# Partial - Discounted Cash Flow (DCF) Model - Machine Learning Preprocessing

After compiling various valuation metrics, and conducting exploratory analysis to generate insights into the SaaS industry, I came across something called the discounted cash flow model. Many of the valuation metrics surrounding debt, enterprise value, and revenue had strong correlations to other indications of company growth and value, so I found that a partial DCF model could help throughout my valuation research. 

A discounted cash flow model is a financial model that uses sensitivity analysis and free cash flows to predict a company's value in terms of TODAY'S money value. However, a DCF model relies on heavy assumptions. In particular, the most important assumption is the forecasting of unlevered free cash flows, or cash flows BEFORE accounting for interest payments, representing money available to all debt and equity holders. This value can paint a very clear picture of a company's intrinsic value. Afterwards, these forecasted values are "discounted" using a ratio that is calculated by an individual investor, with the output of a DCF model being an overall enterpise value. (If you remember, enterprise value is calculated using debt levels and market cap, but a DCF analysis can generate a more accurate enterprise, or present value.)

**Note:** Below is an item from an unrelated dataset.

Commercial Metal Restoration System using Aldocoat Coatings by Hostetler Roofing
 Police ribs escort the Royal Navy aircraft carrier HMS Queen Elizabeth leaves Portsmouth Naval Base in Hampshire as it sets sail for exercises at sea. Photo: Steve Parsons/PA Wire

With all the data collected so far, my goal with this project is to make sure that investors have a tool that can help them create DCF models for company valuation. In particular, I want to take out the assumption in forecasting, by using machine learning models to predict unlevered free cash flows. Let's go over how I preprocessed the information needed to create a useful machine learning model to predict UFCFs.


## Step 1: Importing Libraries
This step imports the necessary Python libraries such as `numpy`, `pandas`, and machine learning libraries to build and evaluate the model.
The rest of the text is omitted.